Incorporating Measures of Rainless Days and Smoke-plume Radiation Reduction into the RisQue Model of Forest Flammability in Amazonia

Investigator: 
Douglas Morton
Advisor: 
Dan Nepstad and Dana Tomlin
Start Date: 
September, 2002
Description: 

he impact of fire in Amazonian forests on the global carbon cycle is poorly understood. During El Nino periods, severe drought conditions render large areas of Amazonian forest susceptible to burning (Nepstad et al., 1999a); understory fires burned an estimated 90,000 km2 of forest during the 1998 dry season (Alencar, Moutinho, and Nepstad, unpublished data). The proposed research will augment a predictive model of forest flammability in Amazonia, RisQue, by incorporating measurements of the period between rain events and the effects of smoke on radiation load and fuel drying rates. Consecutive rainless days is an important indicator of forest flammability in different vegetation types in Amazonia (Uhl and Kauffman, 1990). Smoke from biomass burning may act as a negative feedback on further burning by reducing the radiation load by as much as 25 percent, thereby allowing air vapor pressure deficits to fall, and fine fuel moisture content to remain high (Nepstad et al., in press).

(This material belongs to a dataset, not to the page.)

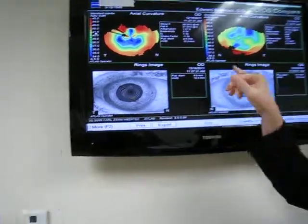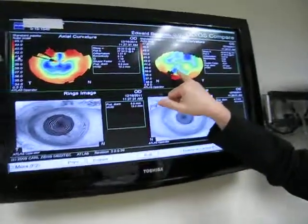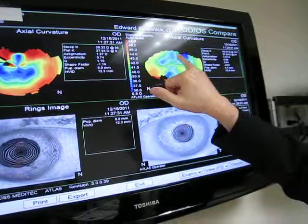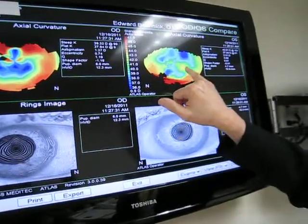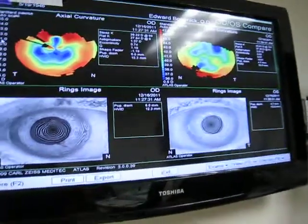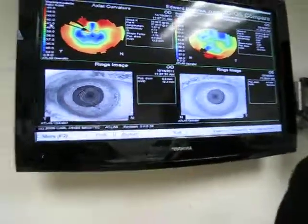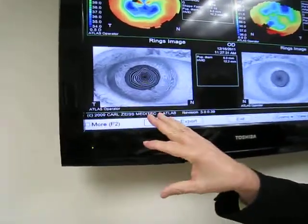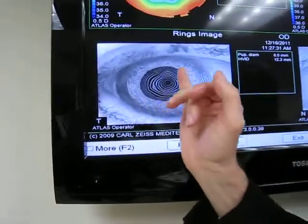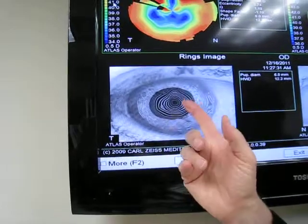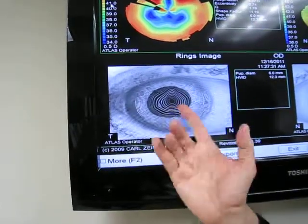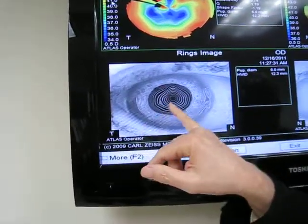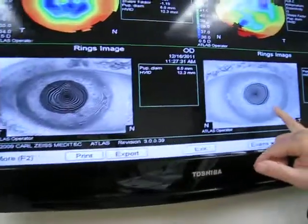The same thing over here — you have a smattering of blue areas, depressed areas, and elevated areas right next to each other in very close proximity. In addition, when the topography is done, you're looking at rings that should be perfectly round, reflecting off the cornea back into the computer. You can see how these rings are distorted — this is the right ring and you can see the left ring.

Geostationary Observational Earth Satellite (GOES) data are ideal for determining the number of rainless days and tracking smoke plumes since GOES-8 provides image data for Amazonia every half hour. Less frequent data, regardless of improved spatial resolution, would not permit an accurate estimation of these flammability components. Therefore, this study will focus on the following three challenges:

  1. Developing an algorithm to measure the number of rain-free days based on historic GOES-8 images;
  2. Calibrating the algorithm with field data from automated weather stations operated by the Brazilian Center for Weather and Climate Prediction (CPTEC) and from experimental fires (n=600) set during 1998 and 1999 (Nepstad et al., unpublished data);
  3. Using historical GOES-derived maps of smoke plumes and weather station data to quantify smoke effects on air vapor pressure deficit.

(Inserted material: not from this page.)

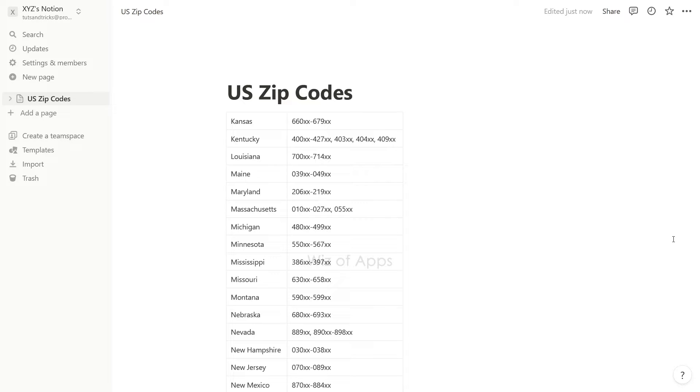However, if you find yourself requiring additional features, you always have the option to convert your table into a database.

Predicting forest flammability in the Amazon region is a key component of responsible policy-making and management in the region, and incorporating these measurements into RisQue using remotely sensed data will permit more dynamic modeling of forest flammability during severe dry seasons.

Additional project components: Measurement and analysis of 1999 ETM+ Landsat data for the transitional forest region of the southern Amazon basin in the state of Mato Grosso (22 scenes). The correlation between burned areas and various factors of development will compliment the climatic components of flammability in this region detailed above. The goal of this project component is to assess the total area of burned transition forest in 1999, delineating changes in vegetation structure and range based on ground-truthing efforts in July/August 2001. Finally, an integrated assessment of climate-based flammability and development-induced flammability will be completed for this region of the southern Amazon. This integrated understanding of flammability will provide critical information for the municipio-level governments in this region and provide necessary insight for future development proposals in this region.

An uncontrolled pasture fire spreading to adjacent forest during the dry season of 1999 in Mato Grasso, Brazil as seen from space.